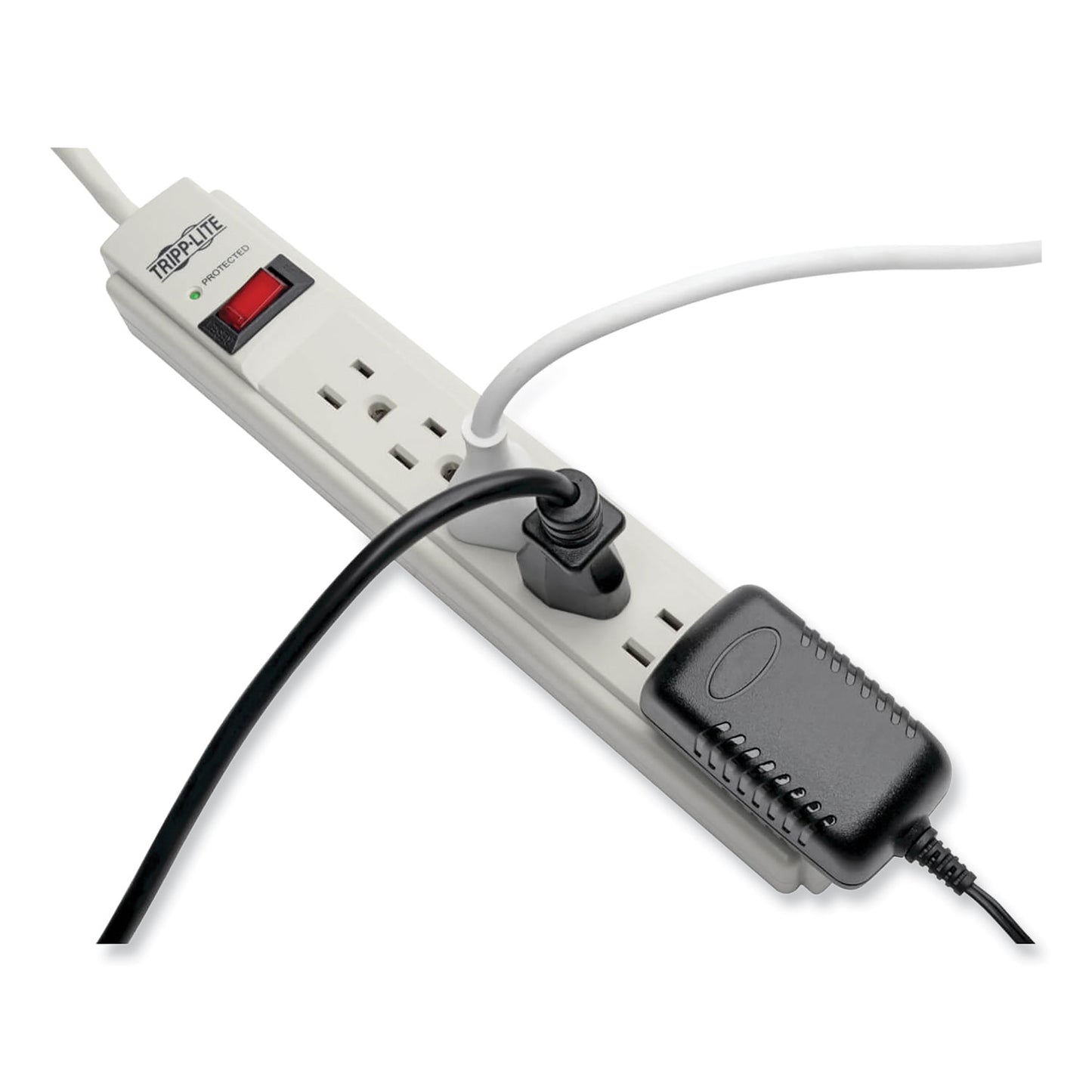 Tripp Lite Protect It! Surge Protector, 6 AC Outlets, 4 ft Cord, 790 J, Light Gray (TLP604)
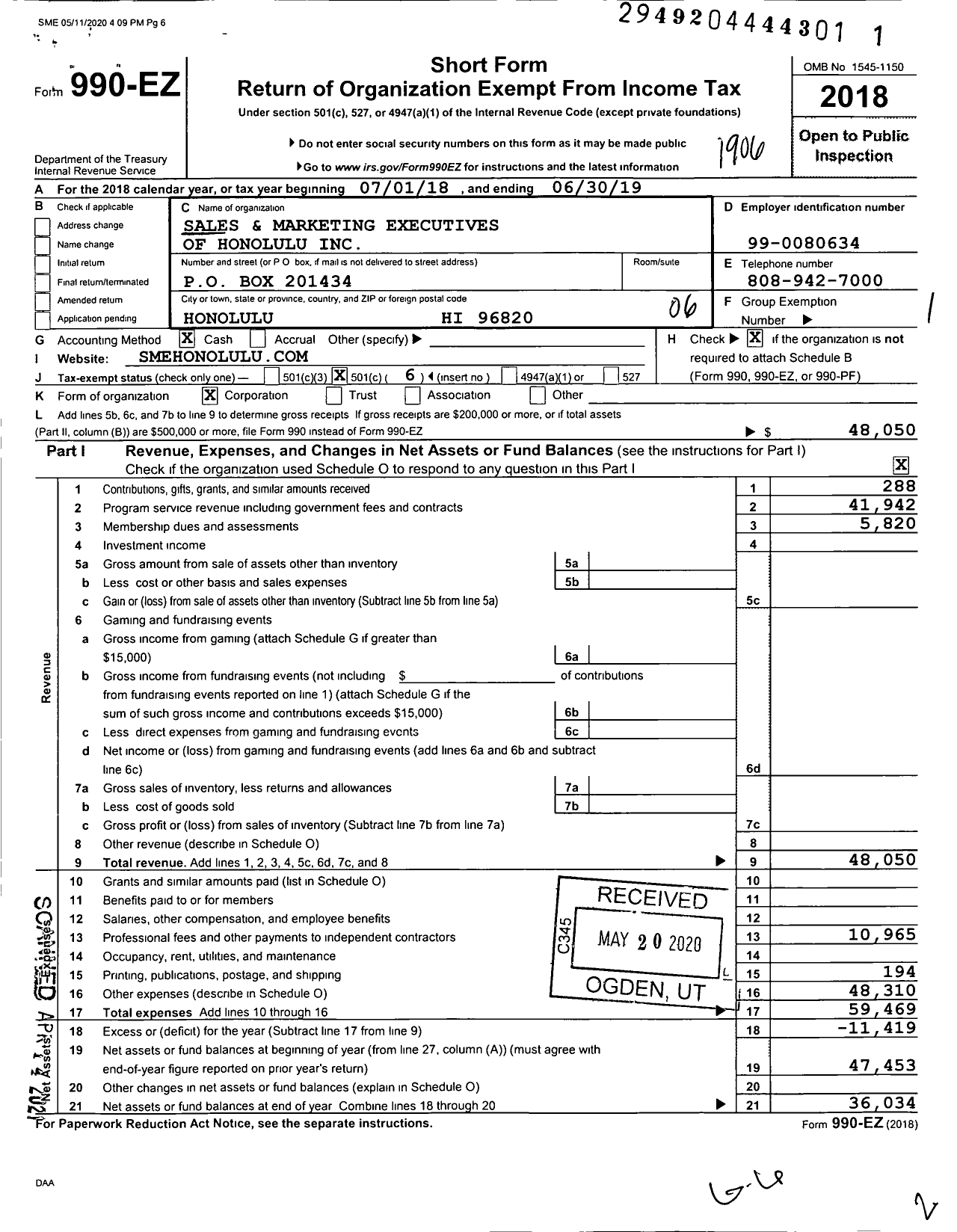 Image of first page of 2018 Form 990EO for Sales and Marketing Executives of Honolulu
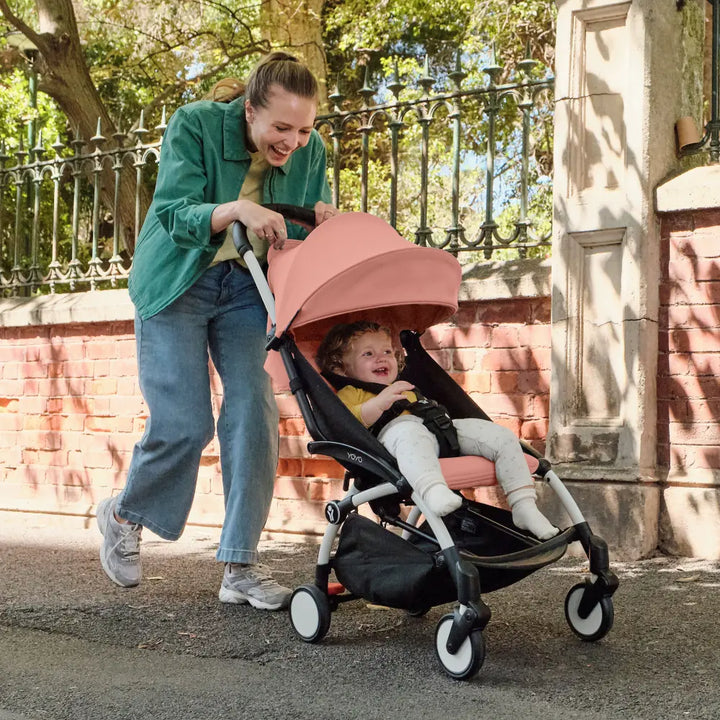 Stokke YOYO3 Stroller | Lightweight Compact Travel Stroller for Babies | Cabin Friendly &amp; Foldable | UPF 50+ Sun Protection | 5 Point Safety Harness | Award Winning Design | YOYO Stroller India | 6 Months to 4 Years – White/Ginger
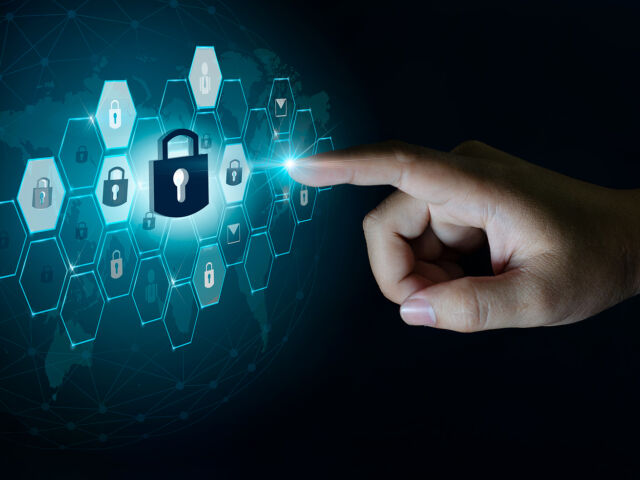 Button On Virtual Screen Pressed With Finger Global Network Secu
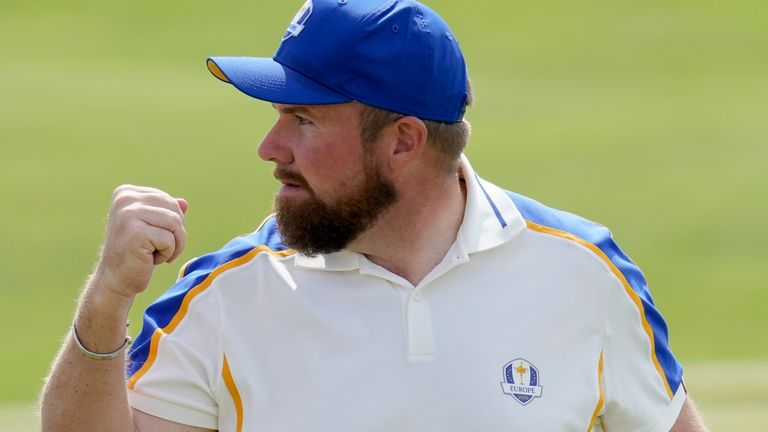 Team Europe's Shane Lowry reacts after winning the 10th hole during a Ryder Cup singles match at the Whistling Straits Golf Course Sunday, Sept. 26, 2021, in Sheboygan, Wis. (AP Photo/Ashley Landis)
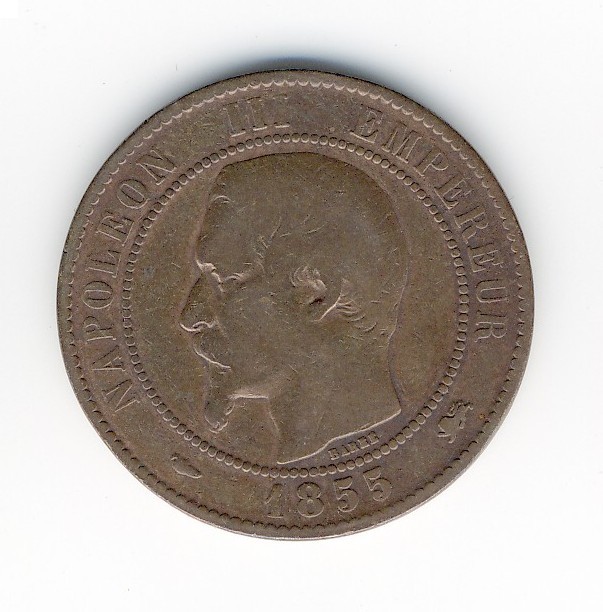 10  Centimes Napoléon III  -  1855 D  - Chien - 10 Centimes
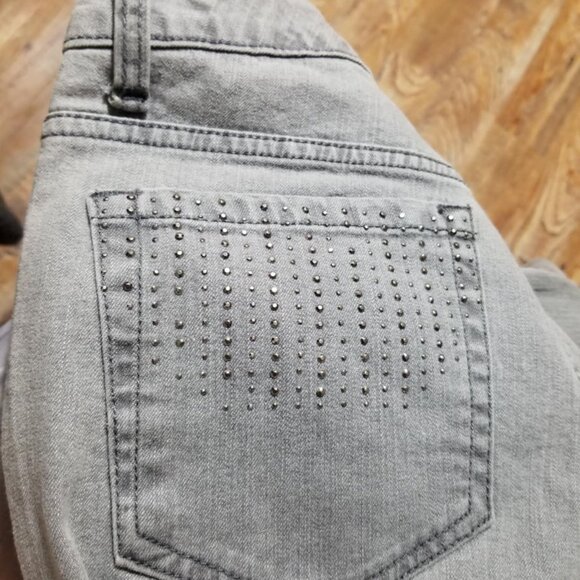 Jones New York Jean 4 Grey Straight Denim Mid New Casual Lexington - Picture 3 of 10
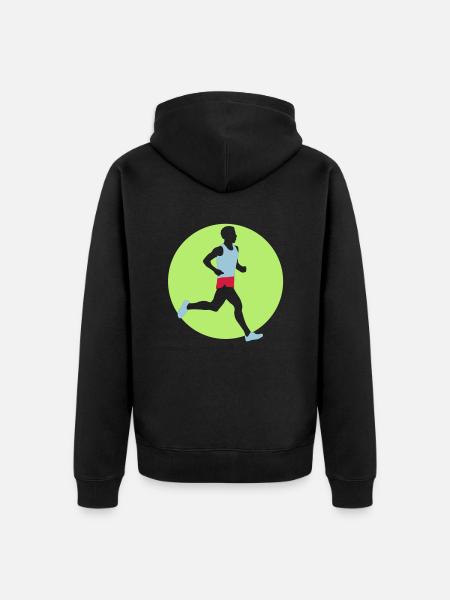 running_man_022013_a_3c - Unisex Premium Bio Zip Hoodie - Schwarz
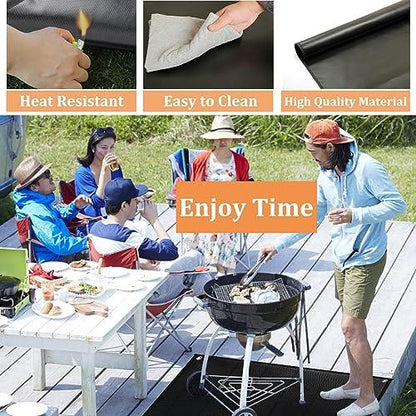 Grill Mats for Outdoor Grill with Holes, 36×50 inch Under Grill Mat, Grill Mats for Outdoor Grill Deck Protector, Indoor Fireplace Mats Fire Pit Mats, Easy to Clean Reusable Outdoor Grill Mat - CookCave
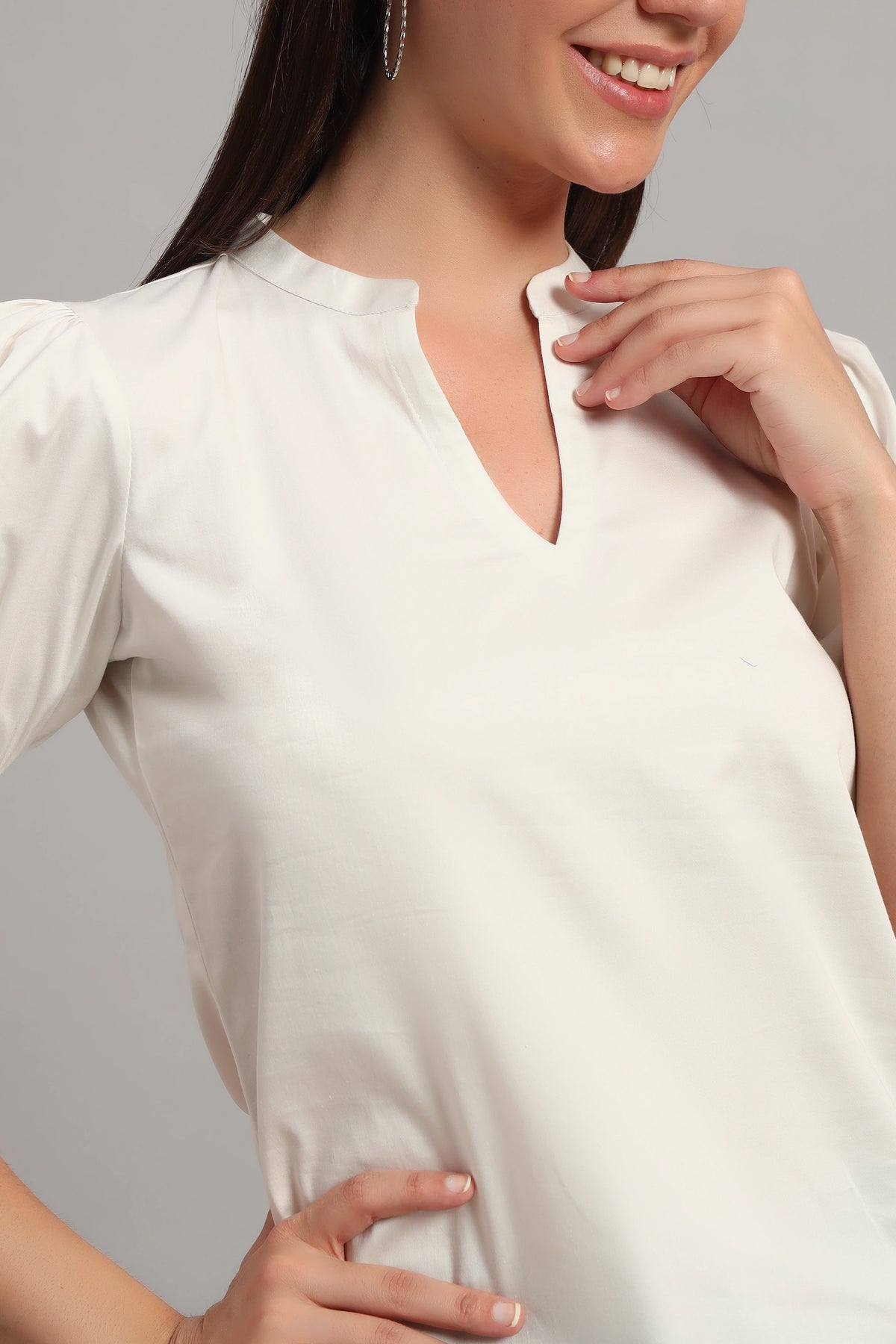 The Split Collar Classic Top, White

==========

**Problem to work on:** The lines from the beginning of the listing above through the line holding "- 10 Centimes" are to be duplicated exactly, and the pictures omitted.

**Response below:**
 Tripp Lite Protect It! Surge Protector, 6 AC Outlets, 4 ft Cord, 790 J, Light Gray (TLP604)
 Image of first page of 2018 Form 990EO for Sales and Marketing Executives of Honolulu
 Stokke YOYO3 Stroller | Lightweight Compact Travel Stroller for Babies | Cabin Friendly &amp; Foldable | UPF 50+ Sun Protection | 5 Point Safety Harness | Award Winning Design | YOYO Stroller India | 6 Months to 4 Years – White/Ginger
 Button On Virtual Screen Pressed With Finger Global Network Secu
 Team Europe's Shane Lowry reacts after winning the 10th hole during a Ryder Cup singles match at the Whistling Straits Golf Course Sunday, Sept. 26, 2021, in Sheboygan, Wis. (AP Photo/Ashley Landis)
 10  Centimes Napoléon III  -  1855 D  - Chien - 10 Centimes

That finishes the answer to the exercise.